I would use
Dictionary<NonTerminalSymbol,Set<List<Symbol>>>
allowing you to search for the Non-terminal of the set of rules for the production of the right-hand sides (themselves represented in the form of lists of terminal / non-terminal symbols) associated with the Non-terminal. (The OP question shows that Nonterminal E can be connected with two rules, but we only need the right parts if we have the left side).
This representation only works to determine the grammar of vanilla BNF, in which there is no syntactic sugar for common grammatically identifying idioms. Such idioms usually include choices, Kleene star / plus, ... and when they are available for grammar, you get what is called Extended BNF or EBNF. If we write EBNF only for the selection indicated by the symbol | , the grammar of an expression in a flat form, indicated by the OP as an example:
E = S ; S = P | S + P | S - P ; P = T | P * T | P / T ; T = T ** M | ( E ) | Number | ID ;
and my first sentence may represent this, because alternation is only used to display different right sides. However, he will not represent this:
E = S ; S = PA* ; A = + P | - P ; P = T M+ ; -- to be different M = * T | / T ; T = T ** M | ( E ) | Number | ID | ID ( E (
The key issue that this additional notation introduces is the ability to re-compose WBNF statements by syntax definitions and that is the whole point of EBNF.
To represent EBNFs, you have to store derivatives essentially like trees that represent the structure of EBNF expressions (in fact, this is essentially the same problem as any grammar of an expression).
To represent an EBNF tree (expression), you need to define a tree structure for EBNF. You need tree nodes to:
- characters (terminal or not)
- Alternation (with a list of alternatives)
- Kleene *
- Kleene +
- "Not necessary"?
- others that you have decided that your EBNF has as operators (for example, comma'd lists, a way of saying that one has a list of grammar elements separated by a selected comma, or ends with a selected semicolon ,. ..)
The easiest way to do this is to first write an EBNF grammar for the EBNF itself:
EBNF = RULE+ ; RULE = LHS "=" TERM* ";" ; TERM = STRING | SYMBOL | TERM "*" | TERM "+" | ';' STRING TERM | "," TERM STRING "(" TERM* ")" ;
Notice that I added a comma and a comma list to EBNF (advanced, remember?)
Now we can just check EBNF to decide what is needed.

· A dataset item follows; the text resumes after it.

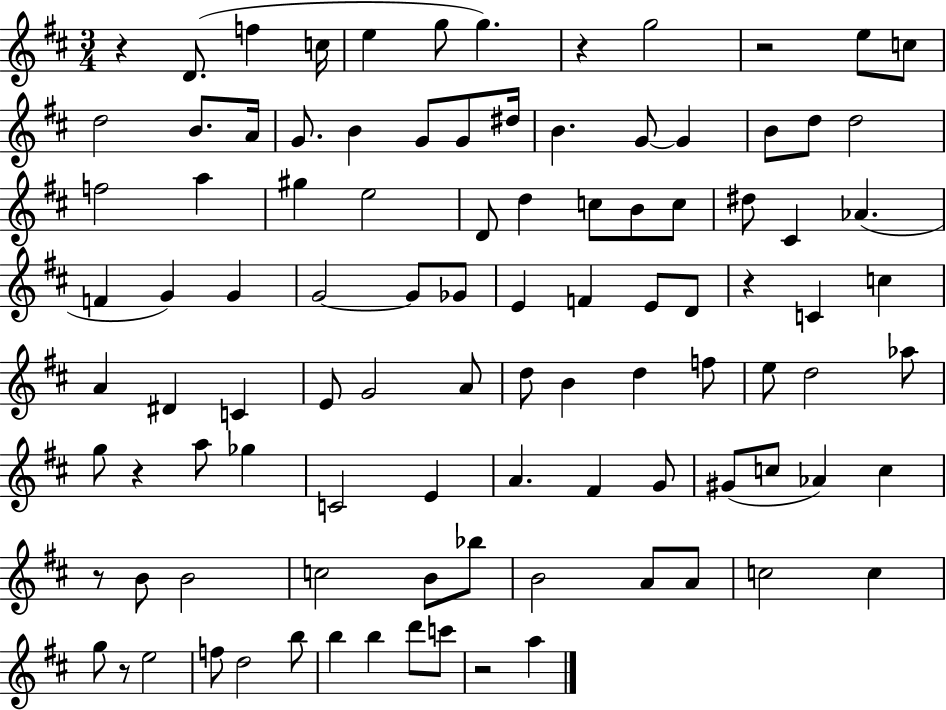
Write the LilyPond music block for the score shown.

Now you need a set of records (OK, classes for C # 'er) to represent each of these rules. So:
- a class for EBNF that contains a set of rules
- class for RULE having LHS symbol and LIST
- an abstract base class for TERM with several specific variations, one for each alternative to TERM (the so-called “discriminated union”, which is usually implemented by inheriting and checking instances in the OO language).

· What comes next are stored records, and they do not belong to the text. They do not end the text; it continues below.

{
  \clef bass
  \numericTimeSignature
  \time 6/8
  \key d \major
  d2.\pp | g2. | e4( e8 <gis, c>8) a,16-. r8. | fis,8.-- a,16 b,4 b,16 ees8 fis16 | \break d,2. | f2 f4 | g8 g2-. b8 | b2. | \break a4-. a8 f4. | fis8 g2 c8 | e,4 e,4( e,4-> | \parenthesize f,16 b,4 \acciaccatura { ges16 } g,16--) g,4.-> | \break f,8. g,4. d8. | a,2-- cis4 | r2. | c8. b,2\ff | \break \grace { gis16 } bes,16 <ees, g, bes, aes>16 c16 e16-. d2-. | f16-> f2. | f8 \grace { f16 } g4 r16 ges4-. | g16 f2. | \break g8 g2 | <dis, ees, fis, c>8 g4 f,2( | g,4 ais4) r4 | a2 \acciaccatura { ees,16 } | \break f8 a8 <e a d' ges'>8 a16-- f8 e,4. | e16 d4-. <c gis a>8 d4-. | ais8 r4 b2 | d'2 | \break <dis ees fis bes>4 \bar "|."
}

Please note that some specific options may refer to other types of classes in the view of how you get the tree. For example:
KleeneStar inherits_from TERM { T: TERM: }
Details left to the reader to encode the rest.
This creates an unidentified problem for the OP: how do you use this grammar view to control parsing strings?
The simple answer is to get a parser generator, which means you need to figure out which EBNF it uses. (In this case, it would be easier to save your EBNF as text and pass it to this parser generator, which makes it all be discussed).
If you cannot get one (?) Or want to build your own, well, now you have an idea that you need to get over to build it. Another alternative is to create a recursive parser based on this view for your parsing. The approach to this is too great to restrain in this answer, but it is simple for those who have experience of recursion.
EDIT 10/22: OP clarifies that he insists on parsing all contextual free grammars and "especially NL". For all contextual free grammars, he will need a very strong parsing mechanism (Earley, GLR, full rollback, ...). For a natural language, he will need parsers that are much stronger than those, people have been trying to create such parsers for decades with only some, but definitely not easy, successes. Any of these two requirements seems to make the discussion of grammar representations pretty pointless; if it is a direct contextual free grammar, it will not analyze natural language (proven by those guys who have been trying for decades), and if he wants a more powerful NL parser, he will just need to use what types of bleeding edges are produced. Consider me a pessimist for his likely success if he does not decide to become a true expert in NL analysis.